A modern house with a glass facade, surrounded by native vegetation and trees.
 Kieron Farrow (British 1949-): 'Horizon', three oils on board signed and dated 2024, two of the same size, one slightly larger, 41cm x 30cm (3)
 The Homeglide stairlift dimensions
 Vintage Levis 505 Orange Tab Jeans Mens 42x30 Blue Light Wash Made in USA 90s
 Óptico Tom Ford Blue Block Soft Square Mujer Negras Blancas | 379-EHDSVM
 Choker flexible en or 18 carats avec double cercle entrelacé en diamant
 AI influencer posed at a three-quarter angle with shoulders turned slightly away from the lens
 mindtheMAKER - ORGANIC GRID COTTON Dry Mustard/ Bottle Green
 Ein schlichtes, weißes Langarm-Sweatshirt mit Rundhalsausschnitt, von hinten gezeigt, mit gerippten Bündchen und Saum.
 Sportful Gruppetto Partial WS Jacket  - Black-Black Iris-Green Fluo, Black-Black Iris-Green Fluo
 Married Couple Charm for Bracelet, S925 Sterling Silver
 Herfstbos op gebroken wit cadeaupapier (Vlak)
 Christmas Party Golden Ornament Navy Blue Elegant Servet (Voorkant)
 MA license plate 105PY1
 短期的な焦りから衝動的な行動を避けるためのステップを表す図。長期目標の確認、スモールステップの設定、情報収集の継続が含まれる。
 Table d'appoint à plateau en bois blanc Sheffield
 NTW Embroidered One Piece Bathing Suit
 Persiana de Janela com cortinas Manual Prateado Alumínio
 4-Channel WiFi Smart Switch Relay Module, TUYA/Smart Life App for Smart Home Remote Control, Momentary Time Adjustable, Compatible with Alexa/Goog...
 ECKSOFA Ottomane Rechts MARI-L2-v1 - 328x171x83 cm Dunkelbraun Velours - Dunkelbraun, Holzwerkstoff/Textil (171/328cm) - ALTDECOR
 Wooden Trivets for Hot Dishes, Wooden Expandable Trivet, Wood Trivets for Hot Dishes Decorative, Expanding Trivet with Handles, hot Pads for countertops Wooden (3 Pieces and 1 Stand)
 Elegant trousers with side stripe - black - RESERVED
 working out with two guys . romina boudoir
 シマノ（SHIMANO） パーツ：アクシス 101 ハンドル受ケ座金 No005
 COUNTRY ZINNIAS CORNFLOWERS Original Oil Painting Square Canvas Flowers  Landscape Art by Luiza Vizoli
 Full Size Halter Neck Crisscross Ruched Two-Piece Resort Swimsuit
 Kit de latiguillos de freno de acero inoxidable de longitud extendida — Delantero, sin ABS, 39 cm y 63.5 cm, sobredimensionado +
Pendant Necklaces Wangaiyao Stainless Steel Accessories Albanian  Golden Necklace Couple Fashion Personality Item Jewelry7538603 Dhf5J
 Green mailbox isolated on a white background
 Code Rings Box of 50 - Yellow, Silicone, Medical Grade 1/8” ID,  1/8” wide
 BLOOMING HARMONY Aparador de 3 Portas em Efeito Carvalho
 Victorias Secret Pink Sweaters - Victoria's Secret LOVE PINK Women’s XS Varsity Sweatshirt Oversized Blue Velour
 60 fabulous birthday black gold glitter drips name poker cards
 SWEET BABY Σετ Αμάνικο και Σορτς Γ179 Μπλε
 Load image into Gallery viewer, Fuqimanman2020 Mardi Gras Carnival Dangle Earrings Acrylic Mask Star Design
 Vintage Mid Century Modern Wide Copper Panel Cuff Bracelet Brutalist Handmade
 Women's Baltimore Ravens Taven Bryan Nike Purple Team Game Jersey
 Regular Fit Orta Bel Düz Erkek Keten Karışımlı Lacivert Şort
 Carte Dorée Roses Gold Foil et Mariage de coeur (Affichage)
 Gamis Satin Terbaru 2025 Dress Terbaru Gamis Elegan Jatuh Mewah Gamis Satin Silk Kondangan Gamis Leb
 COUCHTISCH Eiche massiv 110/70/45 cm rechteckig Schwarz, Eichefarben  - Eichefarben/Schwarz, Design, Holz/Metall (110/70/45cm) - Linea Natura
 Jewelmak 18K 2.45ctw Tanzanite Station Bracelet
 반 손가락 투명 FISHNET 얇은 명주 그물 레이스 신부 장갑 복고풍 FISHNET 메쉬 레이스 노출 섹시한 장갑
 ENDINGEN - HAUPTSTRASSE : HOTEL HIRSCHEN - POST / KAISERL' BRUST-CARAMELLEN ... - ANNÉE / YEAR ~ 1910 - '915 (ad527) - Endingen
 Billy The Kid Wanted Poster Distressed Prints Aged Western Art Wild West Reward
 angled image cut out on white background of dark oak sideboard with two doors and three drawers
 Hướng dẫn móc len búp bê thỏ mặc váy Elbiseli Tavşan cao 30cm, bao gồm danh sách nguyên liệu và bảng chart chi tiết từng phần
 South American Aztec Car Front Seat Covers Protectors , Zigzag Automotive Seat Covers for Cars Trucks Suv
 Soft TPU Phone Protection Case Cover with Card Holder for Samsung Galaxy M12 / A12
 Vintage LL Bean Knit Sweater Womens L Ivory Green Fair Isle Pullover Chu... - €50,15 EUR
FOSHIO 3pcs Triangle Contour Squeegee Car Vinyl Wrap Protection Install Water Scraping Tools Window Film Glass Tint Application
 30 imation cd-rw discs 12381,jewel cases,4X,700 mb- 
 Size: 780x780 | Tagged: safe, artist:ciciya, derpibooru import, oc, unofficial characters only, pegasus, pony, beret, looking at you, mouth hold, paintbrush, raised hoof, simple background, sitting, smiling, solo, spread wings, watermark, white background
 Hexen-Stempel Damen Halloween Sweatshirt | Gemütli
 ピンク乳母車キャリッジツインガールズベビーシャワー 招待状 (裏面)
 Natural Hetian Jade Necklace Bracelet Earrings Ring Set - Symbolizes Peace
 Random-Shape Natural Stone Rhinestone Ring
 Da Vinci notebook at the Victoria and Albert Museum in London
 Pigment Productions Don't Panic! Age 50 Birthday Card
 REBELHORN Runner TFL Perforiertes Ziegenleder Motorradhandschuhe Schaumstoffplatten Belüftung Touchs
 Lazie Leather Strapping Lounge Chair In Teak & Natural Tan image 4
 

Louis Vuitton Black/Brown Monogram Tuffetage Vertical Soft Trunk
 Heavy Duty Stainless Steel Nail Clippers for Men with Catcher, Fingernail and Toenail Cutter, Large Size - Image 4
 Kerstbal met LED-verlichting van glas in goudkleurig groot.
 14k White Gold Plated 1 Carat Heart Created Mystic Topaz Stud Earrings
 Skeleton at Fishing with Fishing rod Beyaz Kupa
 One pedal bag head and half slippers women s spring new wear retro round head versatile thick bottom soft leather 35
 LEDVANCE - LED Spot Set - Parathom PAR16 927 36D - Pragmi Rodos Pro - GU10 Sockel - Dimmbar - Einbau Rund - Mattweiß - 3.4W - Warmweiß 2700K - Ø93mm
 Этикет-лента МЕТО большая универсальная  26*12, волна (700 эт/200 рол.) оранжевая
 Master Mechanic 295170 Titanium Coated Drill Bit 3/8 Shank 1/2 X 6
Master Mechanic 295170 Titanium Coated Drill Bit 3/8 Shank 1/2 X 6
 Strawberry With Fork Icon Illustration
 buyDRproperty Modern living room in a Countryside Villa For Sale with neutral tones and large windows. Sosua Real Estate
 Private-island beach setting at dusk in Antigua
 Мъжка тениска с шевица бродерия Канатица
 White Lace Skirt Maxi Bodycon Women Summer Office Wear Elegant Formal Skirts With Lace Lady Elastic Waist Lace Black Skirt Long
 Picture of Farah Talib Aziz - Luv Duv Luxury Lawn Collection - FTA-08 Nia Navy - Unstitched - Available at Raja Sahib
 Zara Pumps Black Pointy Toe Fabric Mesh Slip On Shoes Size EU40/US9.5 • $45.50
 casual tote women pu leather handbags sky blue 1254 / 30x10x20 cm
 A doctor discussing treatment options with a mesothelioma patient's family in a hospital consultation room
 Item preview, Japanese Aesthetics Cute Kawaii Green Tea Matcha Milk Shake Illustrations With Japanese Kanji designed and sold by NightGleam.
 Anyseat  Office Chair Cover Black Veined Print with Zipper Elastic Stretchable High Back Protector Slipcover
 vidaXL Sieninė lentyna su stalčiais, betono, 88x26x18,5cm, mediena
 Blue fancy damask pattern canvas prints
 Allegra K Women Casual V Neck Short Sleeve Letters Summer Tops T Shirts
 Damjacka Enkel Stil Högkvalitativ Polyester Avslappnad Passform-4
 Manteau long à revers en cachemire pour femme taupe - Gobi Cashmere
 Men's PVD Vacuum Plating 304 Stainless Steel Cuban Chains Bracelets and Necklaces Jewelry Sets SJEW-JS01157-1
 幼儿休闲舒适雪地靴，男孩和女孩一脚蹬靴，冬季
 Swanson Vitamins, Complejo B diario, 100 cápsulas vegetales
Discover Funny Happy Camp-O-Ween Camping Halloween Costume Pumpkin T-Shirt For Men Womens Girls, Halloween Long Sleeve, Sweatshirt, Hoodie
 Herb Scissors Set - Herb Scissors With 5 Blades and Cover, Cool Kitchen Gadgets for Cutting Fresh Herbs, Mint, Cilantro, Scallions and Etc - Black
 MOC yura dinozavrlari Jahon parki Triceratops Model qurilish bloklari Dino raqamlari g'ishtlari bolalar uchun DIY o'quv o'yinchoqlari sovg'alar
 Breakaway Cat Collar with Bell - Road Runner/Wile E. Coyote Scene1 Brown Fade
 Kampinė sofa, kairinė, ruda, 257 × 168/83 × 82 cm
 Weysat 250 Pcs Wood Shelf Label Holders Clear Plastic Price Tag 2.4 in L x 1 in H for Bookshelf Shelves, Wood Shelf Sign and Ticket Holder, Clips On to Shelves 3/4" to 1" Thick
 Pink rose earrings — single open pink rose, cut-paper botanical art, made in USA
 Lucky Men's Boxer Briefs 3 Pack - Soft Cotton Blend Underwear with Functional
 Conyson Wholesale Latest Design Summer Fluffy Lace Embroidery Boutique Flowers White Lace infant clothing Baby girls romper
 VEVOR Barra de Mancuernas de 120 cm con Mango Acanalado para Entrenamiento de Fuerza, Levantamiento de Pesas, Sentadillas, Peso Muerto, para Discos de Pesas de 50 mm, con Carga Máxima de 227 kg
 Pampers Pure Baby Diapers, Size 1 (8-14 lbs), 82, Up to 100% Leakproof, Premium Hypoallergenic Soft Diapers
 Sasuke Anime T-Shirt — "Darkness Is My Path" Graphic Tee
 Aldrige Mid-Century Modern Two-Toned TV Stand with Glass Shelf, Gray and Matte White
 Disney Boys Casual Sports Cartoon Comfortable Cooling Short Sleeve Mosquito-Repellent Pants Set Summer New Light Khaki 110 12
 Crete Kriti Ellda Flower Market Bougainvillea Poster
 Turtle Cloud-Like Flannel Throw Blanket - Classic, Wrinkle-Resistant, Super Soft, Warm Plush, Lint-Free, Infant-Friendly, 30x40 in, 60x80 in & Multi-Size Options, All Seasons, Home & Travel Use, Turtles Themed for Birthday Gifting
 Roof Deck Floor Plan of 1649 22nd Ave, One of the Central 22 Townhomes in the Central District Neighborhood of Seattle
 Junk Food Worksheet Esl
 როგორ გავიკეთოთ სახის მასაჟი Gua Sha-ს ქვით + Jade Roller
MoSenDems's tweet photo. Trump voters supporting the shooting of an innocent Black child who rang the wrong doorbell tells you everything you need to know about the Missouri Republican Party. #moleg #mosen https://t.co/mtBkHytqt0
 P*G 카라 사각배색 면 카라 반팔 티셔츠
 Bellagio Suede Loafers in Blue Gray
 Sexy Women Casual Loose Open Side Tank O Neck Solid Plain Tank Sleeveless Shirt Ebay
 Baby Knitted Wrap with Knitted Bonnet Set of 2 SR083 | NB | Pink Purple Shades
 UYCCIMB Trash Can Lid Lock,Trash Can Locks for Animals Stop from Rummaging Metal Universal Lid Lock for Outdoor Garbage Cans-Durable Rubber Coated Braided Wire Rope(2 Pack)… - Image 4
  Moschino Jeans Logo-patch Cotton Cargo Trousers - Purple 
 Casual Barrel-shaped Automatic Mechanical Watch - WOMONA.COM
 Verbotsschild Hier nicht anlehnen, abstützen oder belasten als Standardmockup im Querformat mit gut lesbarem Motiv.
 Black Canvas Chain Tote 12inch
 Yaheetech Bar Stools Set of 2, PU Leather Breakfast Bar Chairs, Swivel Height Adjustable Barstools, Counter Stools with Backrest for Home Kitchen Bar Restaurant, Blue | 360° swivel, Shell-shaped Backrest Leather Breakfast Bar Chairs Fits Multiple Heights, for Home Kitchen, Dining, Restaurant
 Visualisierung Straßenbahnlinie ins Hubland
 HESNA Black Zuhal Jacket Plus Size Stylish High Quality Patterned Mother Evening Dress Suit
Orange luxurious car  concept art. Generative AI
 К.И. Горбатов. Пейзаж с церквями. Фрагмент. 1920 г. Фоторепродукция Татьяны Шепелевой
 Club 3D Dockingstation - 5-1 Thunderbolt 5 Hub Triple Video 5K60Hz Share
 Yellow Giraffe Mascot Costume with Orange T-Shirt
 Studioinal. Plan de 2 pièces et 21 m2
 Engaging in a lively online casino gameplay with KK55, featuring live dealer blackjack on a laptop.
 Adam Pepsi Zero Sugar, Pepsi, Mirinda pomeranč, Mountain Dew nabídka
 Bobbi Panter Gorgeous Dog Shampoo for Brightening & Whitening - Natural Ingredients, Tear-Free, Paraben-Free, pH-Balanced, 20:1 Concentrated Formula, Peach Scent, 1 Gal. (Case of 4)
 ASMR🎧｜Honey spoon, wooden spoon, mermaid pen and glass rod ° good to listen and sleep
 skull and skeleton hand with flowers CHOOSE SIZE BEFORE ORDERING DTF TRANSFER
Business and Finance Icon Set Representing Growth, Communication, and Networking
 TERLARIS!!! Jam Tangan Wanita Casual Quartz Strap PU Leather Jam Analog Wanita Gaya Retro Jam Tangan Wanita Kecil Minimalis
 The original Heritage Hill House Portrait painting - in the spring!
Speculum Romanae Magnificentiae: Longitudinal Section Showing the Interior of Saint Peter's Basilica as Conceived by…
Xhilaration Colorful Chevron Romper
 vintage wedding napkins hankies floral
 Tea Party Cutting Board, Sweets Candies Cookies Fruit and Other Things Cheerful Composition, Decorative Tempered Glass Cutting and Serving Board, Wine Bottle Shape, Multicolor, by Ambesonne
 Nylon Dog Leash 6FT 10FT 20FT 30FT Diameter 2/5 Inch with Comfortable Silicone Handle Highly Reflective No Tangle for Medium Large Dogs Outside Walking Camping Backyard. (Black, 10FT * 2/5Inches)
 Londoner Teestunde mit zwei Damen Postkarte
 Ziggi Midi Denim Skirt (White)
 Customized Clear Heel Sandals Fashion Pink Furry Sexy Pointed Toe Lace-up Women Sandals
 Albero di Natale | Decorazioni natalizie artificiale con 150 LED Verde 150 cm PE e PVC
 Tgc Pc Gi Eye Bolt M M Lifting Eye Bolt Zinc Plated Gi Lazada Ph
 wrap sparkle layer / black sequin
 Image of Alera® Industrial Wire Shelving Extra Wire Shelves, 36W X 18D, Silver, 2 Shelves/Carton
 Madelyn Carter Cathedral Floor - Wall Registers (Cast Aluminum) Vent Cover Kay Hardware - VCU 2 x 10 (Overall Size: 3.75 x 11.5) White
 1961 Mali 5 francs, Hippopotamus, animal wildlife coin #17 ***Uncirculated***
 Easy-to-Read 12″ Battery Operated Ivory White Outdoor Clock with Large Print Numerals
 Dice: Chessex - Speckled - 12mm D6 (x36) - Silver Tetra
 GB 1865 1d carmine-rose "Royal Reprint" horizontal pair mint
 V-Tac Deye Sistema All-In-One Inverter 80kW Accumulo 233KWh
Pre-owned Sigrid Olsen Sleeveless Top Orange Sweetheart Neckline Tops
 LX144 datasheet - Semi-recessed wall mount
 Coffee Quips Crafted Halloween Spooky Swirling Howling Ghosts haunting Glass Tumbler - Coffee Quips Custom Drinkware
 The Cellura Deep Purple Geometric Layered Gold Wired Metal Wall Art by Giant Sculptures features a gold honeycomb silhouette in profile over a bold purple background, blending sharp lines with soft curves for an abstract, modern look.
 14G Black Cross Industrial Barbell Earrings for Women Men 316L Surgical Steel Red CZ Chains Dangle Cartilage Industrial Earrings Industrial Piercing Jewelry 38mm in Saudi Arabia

# WORK INSTRUCTION:
Your answer should consist of the lines above that hold the word "Gray", copied exactly.

# TASK RESPONSE:
 Aldrige Mid-Century Modern Two-Toned TV Stand with Glass Shelf, Gray and Matte White
 Bellagio Suede Loafers in Blue Gray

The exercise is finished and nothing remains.